» **EXERCISE**: The "2021 Dodge RAM 1500 Classic Tradesman" line through the end of the listing below is what to set down, word for word, and nothing else.
DATASET START
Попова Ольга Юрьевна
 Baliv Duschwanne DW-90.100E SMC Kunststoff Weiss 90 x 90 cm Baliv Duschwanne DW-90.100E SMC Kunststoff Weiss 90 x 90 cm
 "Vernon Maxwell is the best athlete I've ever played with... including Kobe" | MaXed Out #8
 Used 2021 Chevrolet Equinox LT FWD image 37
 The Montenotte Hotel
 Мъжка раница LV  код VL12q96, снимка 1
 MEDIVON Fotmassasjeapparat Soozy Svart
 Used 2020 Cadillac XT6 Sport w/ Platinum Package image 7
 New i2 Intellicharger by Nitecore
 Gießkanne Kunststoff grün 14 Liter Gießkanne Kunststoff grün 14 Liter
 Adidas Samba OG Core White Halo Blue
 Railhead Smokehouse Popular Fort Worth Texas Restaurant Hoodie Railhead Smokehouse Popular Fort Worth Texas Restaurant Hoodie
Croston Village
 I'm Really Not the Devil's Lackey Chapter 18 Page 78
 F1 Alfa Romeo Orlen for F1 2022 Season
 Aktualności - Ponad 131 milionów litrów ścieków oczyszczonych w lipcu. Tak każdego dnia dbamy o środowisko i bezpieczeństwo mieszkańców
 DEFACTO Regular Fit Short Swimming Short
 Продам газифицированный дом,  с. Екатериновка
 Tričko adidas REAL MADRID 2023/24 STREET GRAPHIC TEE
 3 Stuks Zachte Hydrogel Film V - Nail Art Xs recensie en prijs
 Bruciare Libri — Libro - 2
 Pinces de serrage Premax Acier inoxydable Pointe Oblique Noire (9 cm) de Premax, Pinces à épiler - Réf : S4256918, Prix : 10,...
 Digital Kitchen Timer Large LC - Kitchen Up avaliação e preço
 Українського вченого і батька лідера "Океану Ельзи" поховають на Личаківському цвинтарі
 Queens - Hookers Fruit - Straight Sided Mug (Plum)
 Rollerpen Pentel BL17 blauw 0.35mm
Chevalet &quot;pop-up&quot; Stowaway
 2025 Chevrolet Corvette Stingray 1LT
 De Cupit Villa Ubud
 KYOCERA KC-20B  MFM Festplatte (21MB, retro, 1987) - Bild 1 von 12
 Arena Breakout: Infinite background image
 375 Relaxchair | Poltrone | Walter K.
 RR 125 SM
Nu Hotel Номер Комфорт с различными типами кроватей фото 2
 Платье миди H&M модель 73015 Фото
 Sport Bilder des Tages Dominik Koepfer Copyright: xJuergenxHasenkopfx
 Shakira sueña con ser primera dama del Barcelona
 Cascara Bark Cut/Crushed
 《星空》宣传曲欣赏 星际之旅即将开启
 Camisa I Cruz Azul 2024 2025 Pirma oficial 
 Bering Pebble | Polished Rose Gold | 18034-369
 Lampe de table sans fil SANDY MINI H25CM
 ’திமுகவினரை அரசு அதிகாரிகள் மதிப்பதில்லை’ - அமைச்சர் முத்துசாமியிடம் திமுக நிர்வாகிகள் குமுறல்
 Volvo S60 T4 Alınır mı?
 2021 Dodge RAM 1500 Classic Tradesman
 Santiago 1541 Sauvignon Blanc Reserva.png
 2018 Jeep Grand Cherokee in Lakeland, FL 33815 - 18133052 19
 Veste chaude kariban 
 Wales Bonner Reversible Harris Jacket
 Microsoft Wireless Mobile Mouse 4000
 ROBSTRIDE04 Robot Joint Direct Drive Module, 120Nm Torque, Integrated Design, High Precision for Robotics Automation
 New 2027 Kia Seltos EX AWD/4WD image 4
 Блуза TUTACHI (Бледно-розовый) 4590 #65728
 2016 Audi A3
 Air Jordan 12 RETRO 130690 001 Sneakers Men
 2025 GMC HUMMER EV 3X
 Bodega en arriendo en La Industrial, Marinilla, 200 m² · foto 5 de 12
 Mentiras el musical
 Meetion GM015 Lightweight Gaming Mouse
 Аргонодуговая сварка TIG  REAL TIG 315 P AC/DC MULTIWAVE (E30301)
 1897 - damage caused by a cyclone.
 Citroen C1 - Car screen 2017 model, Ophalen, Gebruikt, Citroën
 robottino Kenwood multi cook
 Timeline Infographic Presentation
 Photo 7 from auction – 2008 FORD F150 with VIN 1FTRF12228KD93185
DATASET END
» **RESPONSE BOX**:
 2021 Dodge RAM 1500 Classic Tradesman
 Santiago 1541 Sauvignon Blanc Reserva.png
 2018 Jeep Grand Cherokee in Lakeland, FL 33815 - 18133052 19
 Veste chaude kariban 
 Wales Bonner Reversible Harris Jacket
 Microsoft Wireless Mobile Mouse 4000
 ROBSTRIDE04 Robot Joint Direct Drive Module, 120Nm Torque, Integrated Design, High Precision for Robotics Automation
 New 2027 Kia Seltos EX AWD/4WD image 4
 Блуза TUTACHI (Бледно-розовый) 4590 #65728
 2016 Audi A3
 Air Jordan 12 RETRO 130690 001 Sneakers Men
 2025 GMC HUMMER EV 3X
 Bodega en arriendo en La Industrial, Marinilla, 200 m² · foto 5 de 12
 Mentiras el musical
 Meetion GM015 Lightweight Gaming Mouse
 Аргонодуговая сварка TIG  REAL TIG 315 P AC/DC MULTIWAVE (E30301)
 1897 - damage caused by a cyclone.
 Citroen C1 - Car screen 2017 model, Ophalen, Gebruikt, Citroën
 robottino Kenwood multi cook
 Timeline Infographic Presentation
 Photo 7 from auction – 2008 FORD F150 with VIN 1FTRF12228KD93185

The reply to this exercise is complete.